Toda crise está destinada a encontrar um desfecho, em um intervalo de tempo maior ou menor.

Crises não são fenômenos que se estendam indefinidamente, sem mudar de ritmo e sem sofrer alterações. Aceitar isso seria admitir a completa morte dos atores ou o “fim da história”.

Pode-se encontrar, porém, situações em que um quadro de crise se confunde com a estrutura da vida, seja assumindo a forma de um “caos estabilizado” (Beck), seja como parte de um processo de “revolução passiva” (Gramsci): as coisas mudam, mas tem-se a impressão de que são as mesmas, até porque a correlação de forças não se altera. Mudanças moleculares, que aos poucos reconfiguram as estruturas. É como dizer que uma estrutura se alimenta de suas próprias contradições e turbulências para alcançar equilíbrio, que por isso mesmo se torna um equilíbrio permanentemente precário. Revoluções sem revolução.

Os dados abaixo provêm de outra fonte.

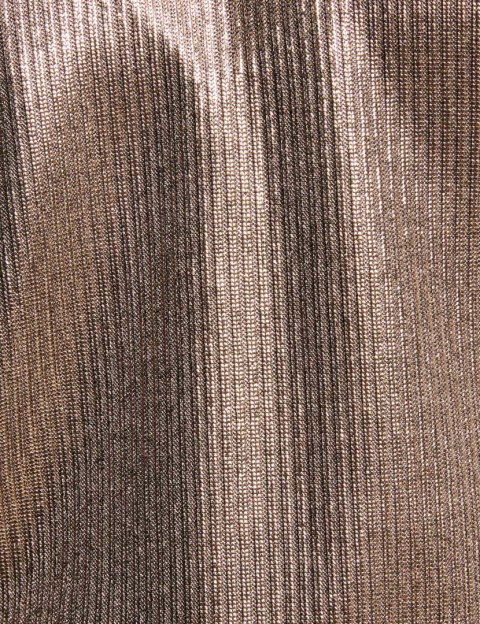 Morgan Blouse DWHITE BRONZE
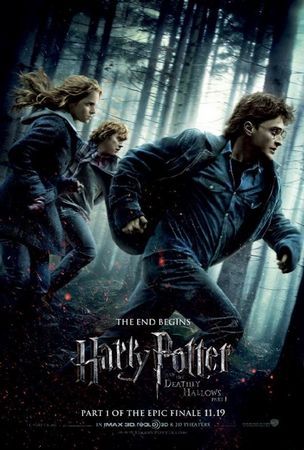 Harry Potter és a halál ereklyéi I.rész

O cenário das sociedades contemporâneas se aproxima bastante disso. Nele, a vida está em permanente xeque-mate e a mudança contínua, intensa, ininterrupta, se faz sem direção política. As sociedades são “forçadas” a mudar e, nessa medida, são sacudidas por transformações que não conseguem ser controladas e provocam terremotos sucessivos na dimensão existencial, ideológica, cultural e institucional. Tais terremotos abalam os equilíbrios políticos e desmontam os arranjos associativos com que se fazia política, como é o caso dos partidos políticos. Estes passam, então, a perder capacidade de orientar o processo político, com o que a crise se prolonga, mesmo que de modo atenuado e disfarçado, em suma, conseguindo ser “administrada”.

As forças econômicas dominantes e as forças mais bem organizadas controlam a situação, mas não inteiramente. Abrem-se espaços para livre-atiradores e “radicais fundamentalistas”, que tendem a se fortalecer.  Mas o sistema se mantem.

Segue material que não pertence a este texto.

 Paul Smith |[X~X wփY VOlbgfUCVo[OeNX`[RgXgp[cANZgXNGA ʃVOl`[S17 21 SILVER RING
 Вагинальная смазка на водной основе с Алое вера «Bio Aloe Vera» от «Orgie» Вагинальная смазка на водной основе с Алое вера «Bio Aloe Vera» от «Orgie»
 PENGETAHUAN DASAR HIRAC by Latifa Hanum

A França atual, com a vitória de Macron, o crescimento da direita nacionalista de Le Pen e da esquerda radical de Mélenchon, a derrocada do Partido Socialista e dos Republicanos, oferece um exemplo perfeito disso, mas não é o único.

Quando as forças que estão envolvidas em uma crise se articulam, podemos ter três desfechos típicos. Um desfecho virtuoso significaria a fixação de um entendimento comum sobre o day after, com o devido cálculo de ganhos e perdas de longo prazo. Ela depende de uma reposição do pacto político, devidamente requalificado e aberto para a sociedade. Um desfecho funcional, por sua vez, aconteceria quando o “acerto” entre as forças se faz de forma superficial, sem projeto, com o único propósito de manter a governabilidade do sistema e o equilíbrio de forças tal como está. Seria um desfecho conservador, paralisante, sem avanço nenhum.  Por fim, um desfecho deletério traria consigo algum tipo de retrocesso, que no limite poderia significar a suspensão da democracia e das liberdades.

O mundo não está preparado para impor desfechos virtuosos, progressistas, para a crise em que se encontra. Faltam-lhe, antes de tudo, atores, forças organizadas com uma perspectiva pós-nacional e com capacidade para agir sobre a vida global. Sem esse componente construtivo, segue de crise em crise, de abalo em abalo, tendo de se agarrar a situações temporárias de equilíbrio instável.

Não há qualquer revolução à vista, mas pequenas revoluções acontecem o tempo todo. Os desfechos são funcionais: os nichos de poder político articulam-se com os setores econômicos dominantes e mantém o sistema de pé. Em meio a tais desfechos, porém, a vida se reproduz e se renova.